Cette nouvelle interprétation n’a presque rien à voir avec le Heidi de Johanna Spyri, le livre pour enfants et célèbre film suisse. Mad Heidi se déroule dans une Suisse dystopique tombée sous le joug fasciste du méchant baron du fromage et président suisse Meili (Caspar Diem) et de ses tyrans fromagers – le soi-disant « Switzerland’s New Order ». Alors que le président fou Meili est impliqué dans diverses machinations fromagères douteuses et fait régner la terreur dans tout le pays, le commandant Knorr (Max Rüdlinger) n’hésite pas à commettre des atrocités pour que la Suisse reste dans ce fascisme fromager.

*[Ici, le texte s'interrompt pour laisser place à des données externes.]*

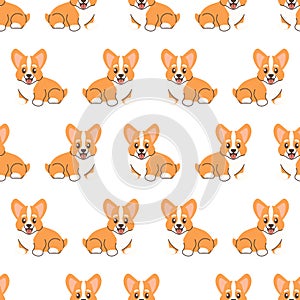 Seamless corgi dog pattern, cute linart vector photo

Il ne faut pas longtemps pour qu’Heidi (Alice Lucy), originaire des Alpes idylliques, s’oppose au commandant Knorr. En effet, ce dernier a lui-même exécuté de sang-froid Pierre le Chevrier (Kel Matsena) sur la place du village en raison de la fabrication de produits laitiers illégaux – et plus tard, il a fait exploser le chalet d’alpage de l’aimable Alpöhi et grand-père d’Heidi (David Schofield).

Pas étonnant qu’Heidi soit énervée.

Humour suisse et clichés omniprésents

S’il y a bien une chose qui ne manque pas à Mad Heidi, ce sont les idées absurdes qui ne viennent normalement que lorsqu’on est complètement ivre. Ainsi, tout au long du film, on parle anglais. Ce n’est toutefois pas l’anglais cinématographique auquel nous sommes habitué·es, mais plutôt le « schwenglisch » : le dialecte suisse est évident. « Danke Schatz, it smells delicious », dit-on ainsi au dîner dans le chalet d’alpage, rappelant aussi comment les touristes suisses essaient de communiquer avec la population locale à l’étranger.

Le président suisse et baron du fromage Meili (Caspar Diem) apporte beaucoup de suissitude.
Le président suisse et baron du fromage Meili (Caspar Diem) apporte beaucoup de suissitude.

Bien entendu, le cliché du fromage suisse n’est pas en reste. Le produit laitier est omniprésent et constitue en fait l’accroche de tout le film. Au début, on assiste à un défilé dramatique et sanglant contre le fabricant de fromage « Meili » : l’entreprise appartient en effet au président suisse. Il a décrété que les intolérant·es au lactose n’auraient plus leur place dans le fascisme fromager. Pour trier les personnes souffrant de problèmes digestifs, il leur fait mettre un morceau de fromage dans la bouche. Celles et ceux qui ne peuvent pas le garder dedans sont exécuté·es ou meurent de toute façon d’un empoisonnement au fromage. C’est comme ça que ça se passe chez les nazis du fromage.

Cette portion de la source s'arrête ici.